Si passa così da un vivere secondo la legge (coscienza sociale) e da un vivere per la legge (coscienza morale) a un vivere oltre la legge (coscienza religiosa). Maritain precisa: “Il limite insormontabile contro il quale urta la filosofia è dovuto al fatto che questa conosce senza dubbio i soggetti, ma li conosce come oggetti, risulta totalmente circoscritta entro la relazione intelligenza-oggetto, mentre la religione si inscrive nella relazione tra soggetto e soggetto”.
È proprio questa relazione religiosa che è mancata al paganesimo: “San Paolo incolpa la sapienza pagana di non avere riconosciuto questa gloria di Dio che pur conosceva. Certo conoscere questa gloria significa già adorarla. Ma sapere che Dio è un Io trascendente, e sovrano, ed entrare, invece, con tutto il proprio bagaglio e la propria esistenza in carne e ossa, nel rapporto vitale in cui la soggettività creata viene messa di fronte a questa soggettività trascendente, attende da essa la propria salvezza, trema e ama, sono due cose ben diverse. Questo secondo atteggiamento riguarda la religione”. La coscienza religiosa non cancella, bensì include la coscienza morale.
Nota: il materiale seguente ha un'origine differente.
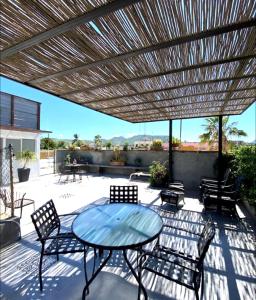 un patio con mesa y sillas bajo un techo de madera en Villa Esterito, en La Paz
Infatti “una volta giustificato, l’uomo è tenuto più che mai a operare bene, non perché le opere umane siano idonee, da sole, a salvarlo, ma perché le buone opere procedono dalla carità che ha ricevuto in dono”.
Da filosofo precisa che, con le opere, dalla carità “l’uomo, agendo liberamente sotto l’influenza della grazia divina riceve dalla misericordia di Dio la dignità di causa seconda e strumentale nelle vicende della propria salvezza”.
La legge è santa, eppure è foriera di morte, ma il Cristo ci affranca dal regime della legge, perché Dio, che per la libertà dell’uomo permette il male, ripara quel non-essere che l’uomo ha introdotto nella storia. È il dramma della storia dell’uomo, ma non è una tragedia, come intende il pensiero pagano prigioniero della fatalità – basti pensare alle tragedie di Sofocle e all’esistenzialismo di Sartre – perché nel sacrificio di Cristo ha una soluzione positiva per tutti gli uomini, che accettano e partecipano all’Amore riparatore di Dio.
Anche in questo senso la carità è il vertice della vita morale, come dice san Paolo e Maritain commenta: “L’amore è la pienezza della legge. È l’amore che permette realmente e integralmente tutti gli altri comandamenti. La carità è inseparabile dalla fede e dalla speranza, ma delle tre virtù teologali che ci vengono donate dalla grazia della giustificazione gratuita, la più grande, quella che merita la vita eterna, è la carità”.
Anzi la carità è la stessa vita eterna, come ci dice Benedetto XVI nella sua prima enciclica Deus caritas est. Anche le riflessioni ecclesiologiche di Maritain nascono dalla meditazione ”che la Chiesa è una persona, non una moltitudine dotata, in senso analogico, di una personalità morale, ma veramente una persona, e questo è il suo privilegio, essenzialmente soprannaturale e unico”.